The Complexities of Concurrent Disorders: From its name to the diagnosis, treatment, & understanding
Have you heard about concurrent disorders? Maybe you’ve heard about it from its other international names: dual diagnosis, co-occurring disorder, or co-morbid disorder.
The Canadian accepted term ‘concurrent disorder’ is when an individual is diagnosed with a mental health disorder and a substance use disorder. This disorder is significantly underdiagnosed and undertreated. Traditional healthcare systems typically treat a mental health disorder and addiction separately. Often individuals with concurrent disorders are turned away from utilizing healthcare resources as psychiatrists usually do not have addiction management training, and addiction-treating physicians often don’t treat psychiatric disorders (1). This contributes to an increased risk for mortality and morbidity, as those who seek treatment are left with nowhere to go.
Now you might be thinking, “How relevant is this? If it occurs in enough people, wouldn’t that change the system?”. Up to 80% of individuals with a mental health disorder also have a substance use disorder (2). Certain mental health disorders present different risks for concurrent disorders. For instance, approximately one-fourth of people with anxiety or major depressive disorder will have a co-occurring substance use disorder (3). Whereas, of those with bipolar disorder or schizophrenia, half of these individuals will have a co-occurring substance use disorder (4). Interestingly, cigarette smoking is often not included in these reports, but if they were, this would significantly increase the rate of concurrent disorder prevalence. This data suggests a significant majority of the concurrent disorders in our populations, but this is not reflected in our healthcare systems or research.

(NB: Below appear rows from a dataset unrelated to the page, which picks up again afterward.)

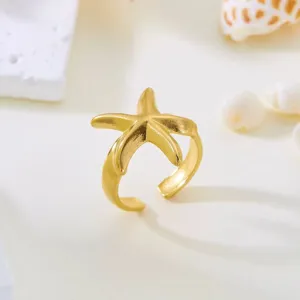 Nahaufnahme eines vergoldeten Seesternrings aus Edelstahl mit einzigartiger Textur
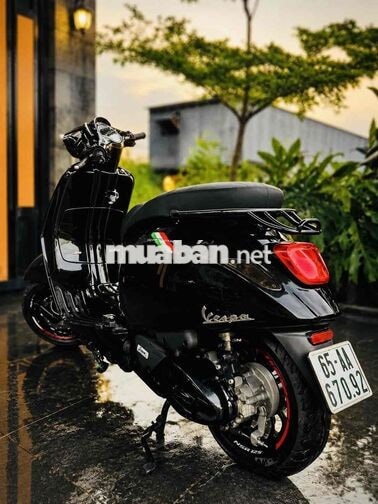 Piaggio Vespa Sprint Đen ABS 2018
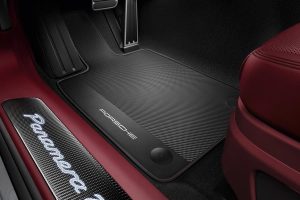 Φωτιά στα κόκκινα η Panamera Turbo της Porsche Exclusive!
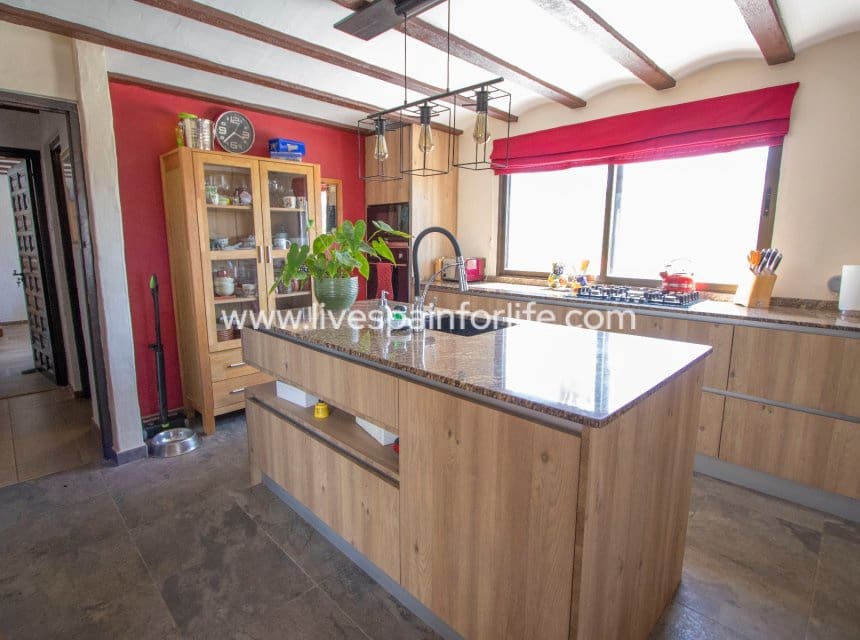 6 Zimmer Finca/Landgut zu verkaufen in Barbarroja mit Pool - 534.995 € (Ref: 10062614)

Research is often done in ways to control many different variables to get as close to a causal relationship as possible. In this context, concurrent disorders are not very research-friendly. The combination of mental health disorders to substance use disorders is only one complex layer of the puzzle. Adding to this complexity, those with concurrent disorders are more likely to be impacted by multiple biological, psychological, and social risk factors and influence each disorder differently. Concurrent Disorders are complex disorders that have varying clinical progression and symptomology with every individual. Thus, individuals with concurrent disorders are largely excluded from research (1).
The last few decades have shown improvements in the treatment and study of concurrent disorders, but considering the prevalence and severity of the disorder, more needs to be done.